Nesse sentido, além de facilitar as compras e melhorar a comunicação no PDV, o varejo alimentar deve se ater à oportunidade de expansão para a estratégia online.

Novas lacunas de consumo

Pense bem: durante todo o ano de 2020, a população foi aconselhada a permanecer em isolamento, distante das pessoas mais queridas. Com isso, o desejo de presentear e reforçar vínculos, no Natal, poderá se intensificar. Mas será que, diante da alta de desemprego e dos entraves econômicos do momento, querer é poder?

Muito tem se falado sobre o aumento no consumo de produtos e ingredientes para cozinhar em casa durante a pandemia. “Se, por um lado, as pessoas vão sair menos para comemorar em restaurantes, as famílias provavelmente vão se reunir no Natal, mas não com a grande quantidade de convidados de antes”, acredita o coordenador do MBA de Gestão de Varejo da FGV, Ulysses Reis.

Seguindo essa linha de raciocínio, o especialista sugere que os supermercados invistam em kits com ceias para famílias de duas a quatro pessoas, mas também considerem o fato de que muitas empresas não irão realizar os famosos encontros de fim de ano e isso também deve abrir novas oportunidades. “Acho que a venda de Natal vai crescer este ano para os supermercados, principalmente na categoria de alimentos.”

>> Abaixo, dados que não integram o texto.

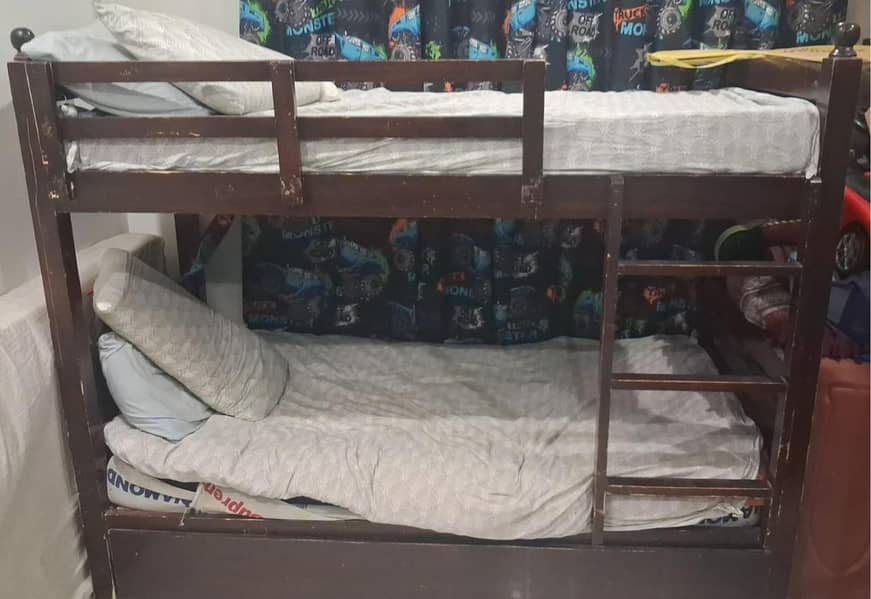 Bunk bed three tier 1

Pensando no distanciamento social e no envio de presentes para parentes e amigos distantes, oferecer mensagens personalizadas, que cumpram a função de homenagear pessoas queridas, também pode ser um diferencial.

Outra tendência apontada por Reis, em que vale a pena ficar de olho, é a de produtos para casa, bricolagem e DIY (sigla em inglês para Do It Yourself ou Faça Você Mesmo), que cresceram muito em vendas nesses últimos meses. “Por incrível que pareça, pode até ser que neste Natal os consumidores invistam nesses produtos para casa e conserto. Supermercados podem oferecer um kit com enfeites natalinos para fazer por conta própria, por exemplo”, sugere.

Black Friday é o novo Natal

Vale a pena refletir, ainda, sobre o impacto da Black Friday na estratégia. “A partir de 2018, aqueles preços majorados típicos que haviam no Natal começaram a reduzir, porque as pessoas adquiriram o hábito de comprar os seus presentes já na Black Friday”, explica Reis.

Foi aí que a média de três presentes caiu para dois por cliente. Segundo Reis, a Black Friday deve surpreender este ano, principalmente nas compras feitas pela internet. “Na categoria de eletroeletrônicos, acho que os supermercados devem sofrer uma pequena redução de vendas natalinas em função da Black Friday. Para comprar esse tipo de produto, as pessoas também esperam as grandes liquidações do início de janeiro.”